On Aug. 9, community and school leaders held a groundbreaking ceremony at the south end of Poplar Street, where it turns into Arkansas Road. The 23-acre site will be the home of the new Highland Primary School, which will house prekindergarten through second grade for approximately 600 students.
The $38 million project will house 40 classrooms with nearly 89,000 square feet, designed by FGM Architects and managed by Korte Construction.
“Highland Primary was the highest priority identified in the strategic plan due to the safety and security issues of housing 600 students under three different roofs and having students moving in and out and through the parking lot throughout the day,” said Superintendent Mike Sutton.
The other major project currently underway is the expansion of Highland Middle School. A nine-classroom wing is under construction, also designed by FGM and managed by Korte.
“The original (Highland Middle School) building was designed for two grade levels, but the district needed to move sixth grade into the building a few years ago to address overcrowding at Highland Elementary,” Sutton said.

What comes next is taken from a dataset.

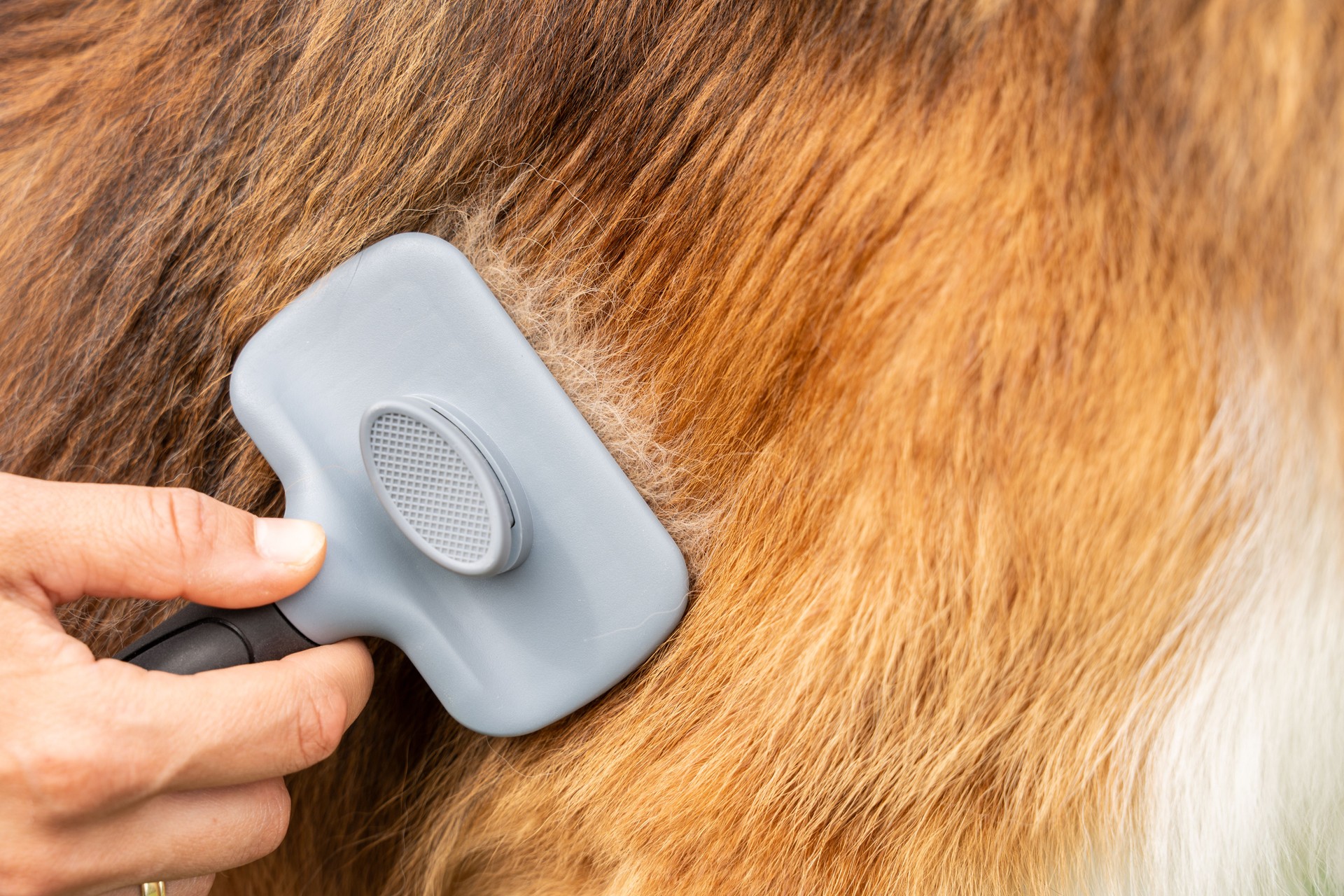 Closeup Grooming Dog Fur With Brush Removing Loose Hair For Shedding Control And Coat Maintenance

The budget for the middle school addition is approximately $6.2 million for 14,000 square feet added to the building.
In addition, Highland Elementary will receive a new playground, redesigned cafeteria and renovated parking lot after the current Highland Primary is demolished. That phase of the project will cost approximately $3.15 million.
These projects were part of the school construction referendum approved by voters in June 2022 for $40 million, paired with $2 million in federal COVID funds, $1.5 million anticipated interest from investments, $500,000 in corporate personal property replacement tax revenue that the district had not anticipated and assorted other funding, including $1.8 million from the district reserves.
Other projects are underway that were not part of the construction referendum.
Highland High School’s stadium will get a new video board that will improve the experience at the stadium and allow for advertisement revenue, according to Sutton. That project is funded through a “very generous” donation from Apex Physical Therapy, Sutton said, and so the district will only need to pay for the installation.
In addition, last month Highland also announced a $5.75 million solar array project at all district buildings except Highland Primary. That project is not part of the referendum program, as it is anticipated the project will pay for itself through the energy savings anticipated over the next nine years.
“If we project out the full 30 years of energy savings, the district could benefit by nearly $7 million after payback (of the initial costs),” Sutton said.